Quantum leap for Dublin in the search for exoplanets
DIAS launches new research strategy to explore space, oceans and subatomic world
Denjoe O’Connor, professor of theoretical physics, at the launch of the Dublin Institute for Advanced Studies (DIAS) new four-year strategy. Photograph: Marc O’Sullivan
The location of exoplanets, the transmission of “quantum information” and the nature of seismic events on ocean floors are among the big topics needing consideration this century and beyond – and they will be explored in depth by Dublin Institute for Advanced Studies (DIAS) in coming years.
Its programme of research, combined with the publication of a new four-year strategy, was a clear demonstration of Ireland’s long and continuing commitment to frontier research, according to institute chair Prof Vincent Cunnane.
“Since it was established 80 years ago, DIAS has been a powerhouse for advanced research and scholarship, a magnet for international research talent, and – because of its global reputation – an ambassador for Ireland, ” he said at a briefing recently.
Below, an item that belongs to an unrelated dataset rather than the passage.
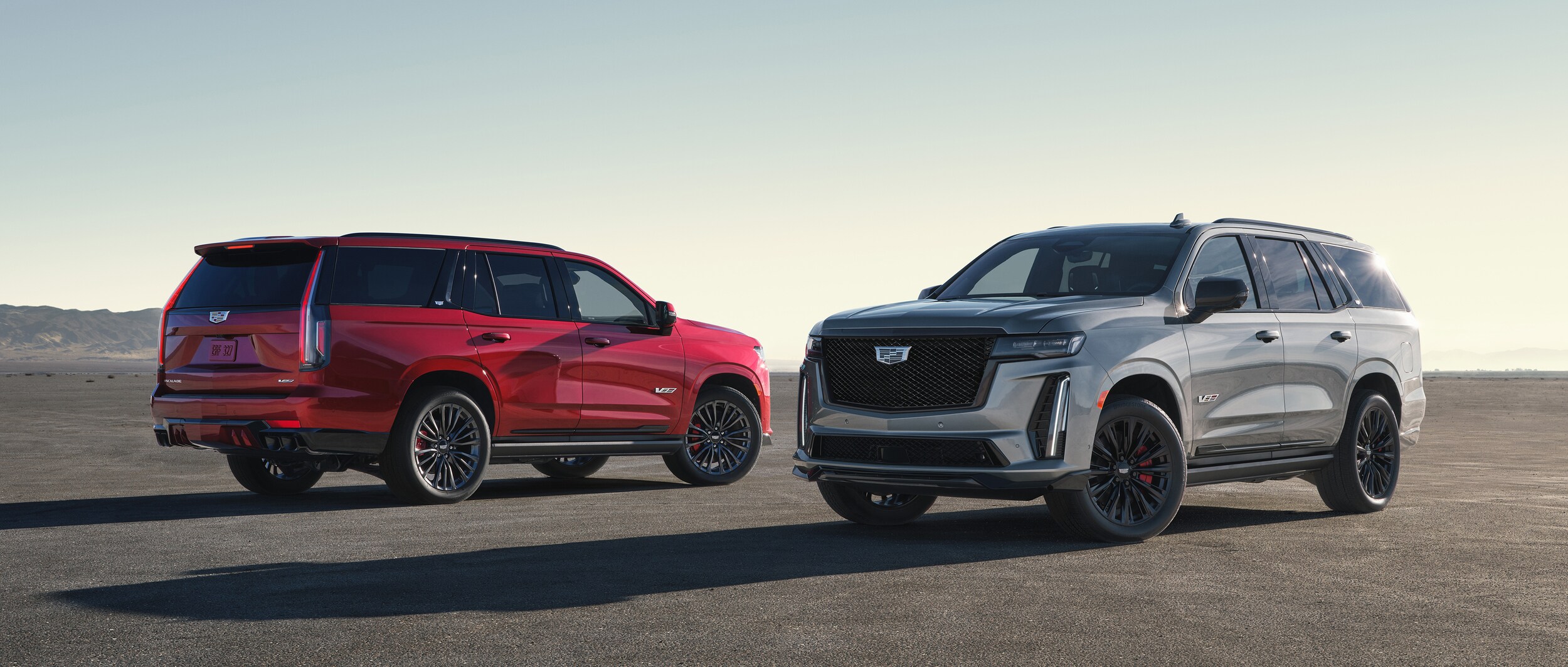 2023-Cadillac-Escalade-VSeries-SUV-L04.jpg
DIAS was embarking on the next phase of its development at a time of increasing geopolitical uncertainty, he said.
“There is growing concern about the sustainability of our planet and a strong desire to understand our solar system, our Earth and its natural systems better. Never before has there been such an imperative for progress in terms of our understanding of the underpinning principles for our existence.”
The number of active researchers on site at DIAS is to be increased by 50 per cent and, in doing so, enhancing gender balance using “targeted initiatives for a period of time”, said its chief executive and registrar Dr Eucharia Meehan.
It currently hosts researchers from 30 countries in its three schools of Celtic Studies, Theoretical Physics and Cosmic Physics, and plans to consolidate its three bases in the city to one location.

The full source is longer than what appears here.